Search Beyond Google
MIT Technology Review has a great article that elaborates on some of the points I made a couple of weeks ago about Google’s future.
Two bits in particular caught my attention:
One emerging feature of [the next version of Windows], called Implicit Query, would work in the background to retrieve information related to whatever the user is working on. If you’re reading an e-mail message, for example, Implicit Query might display a box with links to the titles and e-mail addresses of all the people whom the message mentions, and to all of your previous e-mail from the sender. To make the software even more useful, Dumais is working on adding an item to the two-button mouse’s standard Windows right-click menu that would be labeled “Find me stuff like this” and would search both personal and Web data for information related to a highlighted name or phrase.
This Microsoft “innovation” is already available to Linux hackers: it’s called Dashboard.
The other bit was the Google CTO’s opinion about where search is headed:
Silverstein thinks information retrieval experts should aim high, building software that is every bit as good at pointing users toward the specific resources they need as a well-trained reference librarian. That, of course, will require major advances in fields such as probabilistic machine learning and natural-language processing—and Google continues to hire some of the best new PhDs in those areas, including four recent graduates from the Stanford laboratory of Daphne Koller, a leading machine-learning researcher.
Professor Koller was my advisor at Stanford. I worked in her lab for about eight months, primarily on work to combine the structure of traditional knowledge representation techniques with the reasoning power of Bayesian networks. I believe this work has developed into her group’s current work on Probabilistic Relational Models. Maybe if I hadn’t strayed from the CS path, I would be working at Google now too…
But anyway, my point is that Google may actually be looking too far ahead. Hiring the world’s most brilliant PhD’s doesn’t guarantee you’ll get any useful innovations: look at Microsoft Research. Google, by focusing only on “making the machine smarter” instead of a more holistic view of search (the classic AI researcher’s tunnel vision), might have all the answers for search in 2015, but do they have them for search in 2005?

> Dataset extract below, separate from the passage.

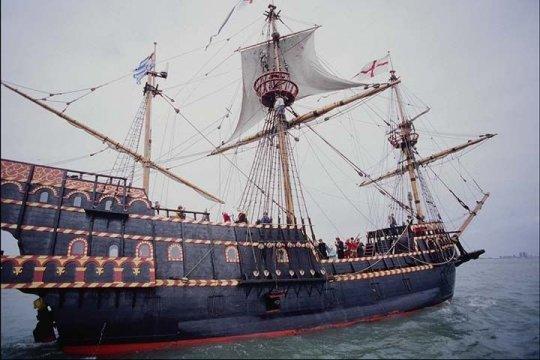 重新扬帆的复刻版"金鹿号"《黎明之海》中的巨型盖伦船环球航行的壮举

April 4th, 2004 at 4:46 pm
Hi Ryan. I wrote that article in Tech Review. Glad you liked it. Alas, I learned about Dashboard from Nat Friedman just this week. Had I known about it before I wrote the Google article, I would have mentioned it in relation to Implicit Query. Clearly, Linux users will have many of the rumored features of Longhorn at their fingertips years before Windows users do.
Re: The productivity of Microsoft Research, I recently blogged an interesting Lee Gomes column from The Wall Street Journal on this very topic.